WORK INSTRUCTION – Before you return the lines below, strip out any images and keep every word as written.

PROVIDED MATERIAL –

——

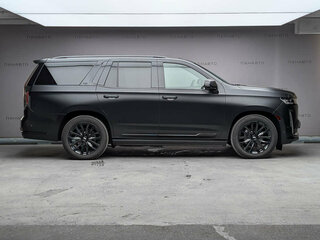 2023 Cadillac Escalade V, чёрный, 11055000 рублей, вид 5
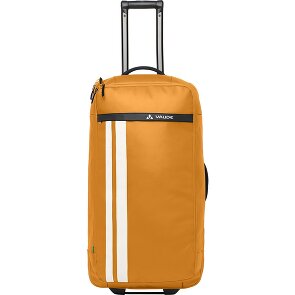 Vaude Takutea 90 2 wielen Trolley 77 cm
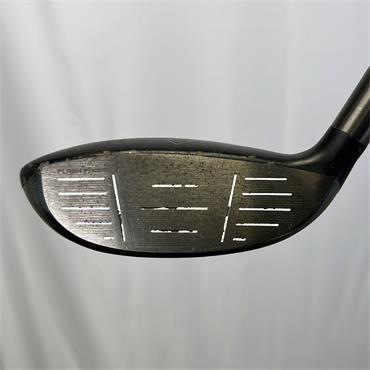 Callaway Rogue ST Max FW #3 Tensei Regular Gents RH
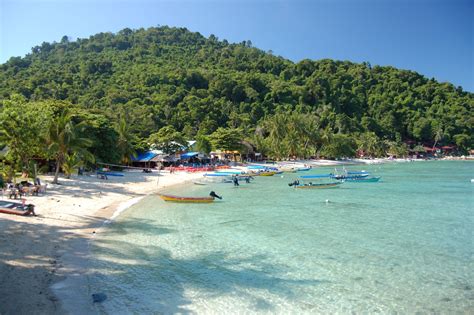 Featured resorts in pulau perhentian kecil. Shari-La Island Resort (Pulau Perhentian Kecil)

——

RESULT FOR THIS EXERCISE –
 2023 Cadillac Escalade V, чёрный, 11055000 рублей, вид 5
 Vaude Takutea 90 2 wielen Trolley 77 cm
 Callaway Rogue ST Max FW #3 Tensei Regular Gents RH
 Featured resorts in pulau perhentian kecil. Shari-La Island Resort (Pulau Perhentian Kecil)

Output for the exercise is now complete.